For whom the bell(wether) tolls
A view from Paul Bainsfair

For whom the bell(wether) tolls

As the Bellwether Report turns 20, Paul Bainsfair looks at what the industry has weathered in the past two decades and what learnings can be taken from it.

A bellwether derives from Middle English and refers to the practice of placing a bell around the neck of a castrated ram (a wether) leading the flock of sheep.

And so this apt name was chosen for the IPA Bellwether Report. Born 20 years ago today. 

A report designed to show the direction and destination of UK marketing spend. To act as a barometer of the health and sentiment of the marketing industry and UK plc at large. To provide an insight into the threats and opportunities keeping UK marketers up at night.

So where are we now, what have we weathered over the past 20 years and, crucially, what can we learn from this to aid us in our recovery from this latest downturn to bounce back in good shape?

Looking at the Q1 2020 Bellwether results, published today, it looks like marketing budgets have themselves been castrated – I’m referring to the less overt definition: that of being "deprived of power, vitality or vigour".

In light of the pandemic, it is no surprise that marketing budgets have taken a hit as the stay-at-home directive has caused a sudden stop in most consumer and business spending. Coupled, of course, with plummeting confidence from marketers about both their own company and their sector’s financial prospects.

The last time we came close to such a decline into negative territory was from the fallout of the global financial crisis in 2008-2009. During this time, the Bellwether’s nadir measured a net balance of -41.7% of UK marketers revising their marketing budgets downwards in Q4 2008.

From this low point, it took five quarters to bounce back into positive territory, with a net balance of +4.5% of UK marketers revising their budgets up in Q1 2010. Following some further, more minor, fluctuations we then hit the Bellwether high point in Q1 2014 at +20.4%.

This year’s Q1 fieldwork was undertaken during 2-27 March, closing just a few days after the government officially enforced the lockdown to stem the spread of Covid-19; it shows a net balance of -6.1% of marketers revising their budgets down.
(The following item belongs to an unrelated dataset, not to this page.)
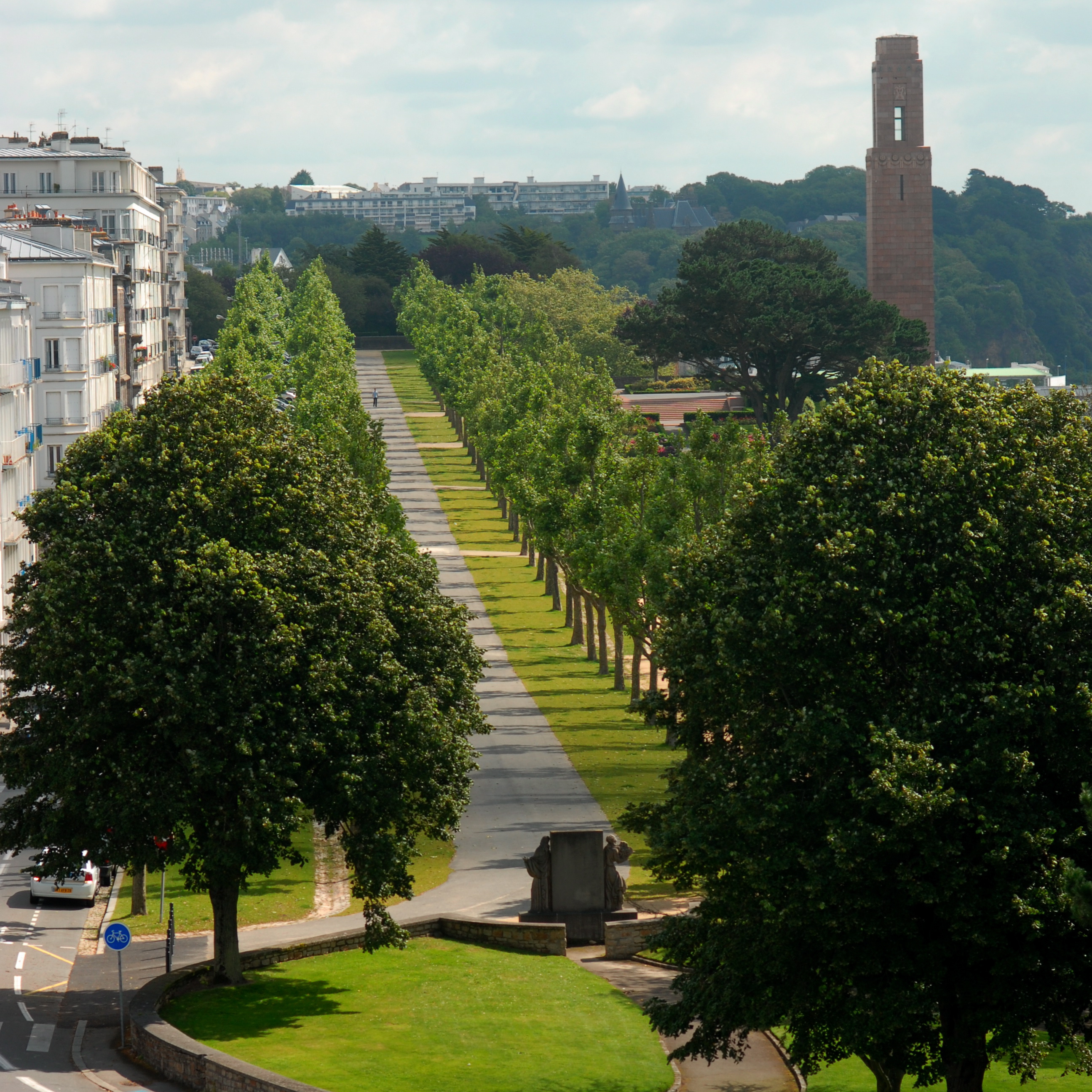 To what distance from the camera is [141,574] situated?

We can be certain that Q2 will document more negative territory, but we are hopeful of a less bleak outlook by the latter quarters of the year and therefore, potentially, a sharper bounceback than previously.
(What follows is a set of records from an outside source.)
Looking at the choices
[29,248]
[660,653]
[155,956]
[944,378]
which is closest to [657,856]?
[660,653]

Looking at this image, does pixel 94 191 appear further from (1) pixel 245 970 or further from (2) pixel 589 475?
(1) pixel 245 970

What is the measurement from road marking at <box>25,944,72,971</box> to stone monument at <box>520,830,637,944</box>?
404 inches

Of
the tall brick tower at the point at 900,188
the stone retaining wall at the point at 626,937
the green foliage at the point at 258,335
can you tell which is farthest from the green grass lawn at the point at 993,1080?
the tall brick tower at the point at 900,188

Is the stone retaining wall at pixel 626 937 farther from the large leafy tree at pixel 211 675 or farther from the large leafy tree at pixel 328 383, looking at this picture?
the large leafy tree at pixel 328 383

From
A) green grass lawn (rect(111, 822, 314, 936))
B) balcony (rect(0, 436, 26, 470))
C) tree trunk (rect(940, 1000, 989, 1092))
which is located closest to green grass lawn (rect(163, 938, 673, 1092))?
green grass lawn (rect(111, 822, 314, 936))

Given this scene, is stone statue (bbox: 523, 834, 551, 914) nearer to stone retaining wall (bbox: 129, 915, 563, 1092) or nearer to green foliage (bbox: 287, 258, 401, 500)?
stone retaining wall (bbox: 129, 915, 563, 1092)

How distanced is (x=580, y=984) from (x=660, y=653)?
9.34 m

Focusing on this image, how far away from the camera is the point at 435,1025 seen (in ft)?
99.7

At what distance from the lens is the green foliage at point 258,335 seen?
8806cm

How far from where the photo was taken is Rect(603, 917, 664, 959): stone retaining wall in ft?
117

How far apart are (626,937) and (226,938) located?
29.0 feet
Of course, this mostly hinges on the length of lockdown. It also heavily depends on the decisions we make now to weather the downturn. One of the biggest problems is the temptation of the C-suite to cut or cancel their ad budgets. My friend Paul Phillips at AAR likes to quote Mike Tyson: "Everyone has a plan until they get punched in the mouth."
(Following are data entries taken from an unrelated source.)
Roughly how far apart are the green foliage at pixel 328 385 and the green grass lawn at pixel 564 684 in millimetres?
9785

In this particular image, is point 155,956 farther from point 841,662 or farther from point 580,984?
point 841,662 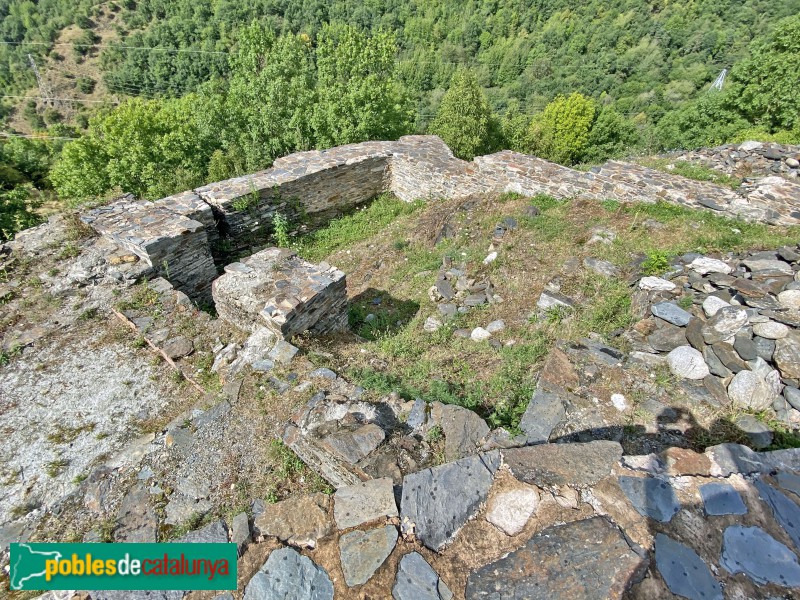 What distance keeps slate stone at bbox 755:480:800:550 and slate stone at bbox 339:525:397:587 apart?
7.47 ft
To try to reassure business leaders that a knee-jerk reaction to cut advertising is misguided, the IPA has been running a campaign in the Financial Times using evidence garnered by effectiveness guru Peter Field. 

Field is keen to point out that there are, of course, significant differences from a downturn caused by a pandemic than from one caused by a global financial crisis. (Many dichotomies exist this time: highly polarised between essential and non-essential; elevated or panic buying versus market closure; serious supply restrictions versus no supply; a fortunate minority of scalable businesses serving essential needs to homebound consumers, for whom this is an exceptional opportunity for growth.) And he remains convinced that, for most advertisers, a short-term strategy shift makes very little sense this time.

He explains that when recession looms, it is understandable if businesses try to shore up short-term profits by cutting variable expenditure, such as advertising. However, evidence from past downturns shows that unless companies are saving cash simply to survive, or because they can no longer supply advertised services, cutting ad budgets – relative to competitor spend – is a high-risk strategy. Such a move exposes businesses to losing market share, forgoing sales and delaying the recovery of profits in the long term.

So, while this downturn is not the same as the global financial crisis, there are, according to Field, seven lessons that can be applied to help us weather it:

  1. Do not panic and withdraw brand advertising, unless short-term survival depends on it
  2. Do not go for short-term sales activation tactics
  3. Defend your share of voice (unless short-term survival is at stake)
  4. Take advantage of cheaper share of voice to drive growth in recovery, if you can
  5. Don’t throw away a good brand campaign
  6. Emotions work even more than usual during recession
  7. Behaviours are especially important in this recession. Be innovative. Ask yourself: how can we help?

And, if nothing else, remember this: brands that hold their nerve will gain extra share of voice, which will achieve competitive gains. Procter & Gamble knows a few things about how advertising builds businesses and earlier this week its chief financial officer Jon Moeller said: "This is not a time to go off air." 

In John Donne’s poem No Man is an Island, he says ask not for whom the bell tolls. It is for all of us. Whatever affects one affects us all. The same could be said of the tolling of the Bellwether

To recover and thrive going forward will require concerted and collective effort from all sides – businesses, marketers and agencies. And a widespread understanding from all of the value and power of advertising to transform businesses. 

Now is the time to help advertisers hold their nerve and to remember: when others go quiet, your voice gets louder.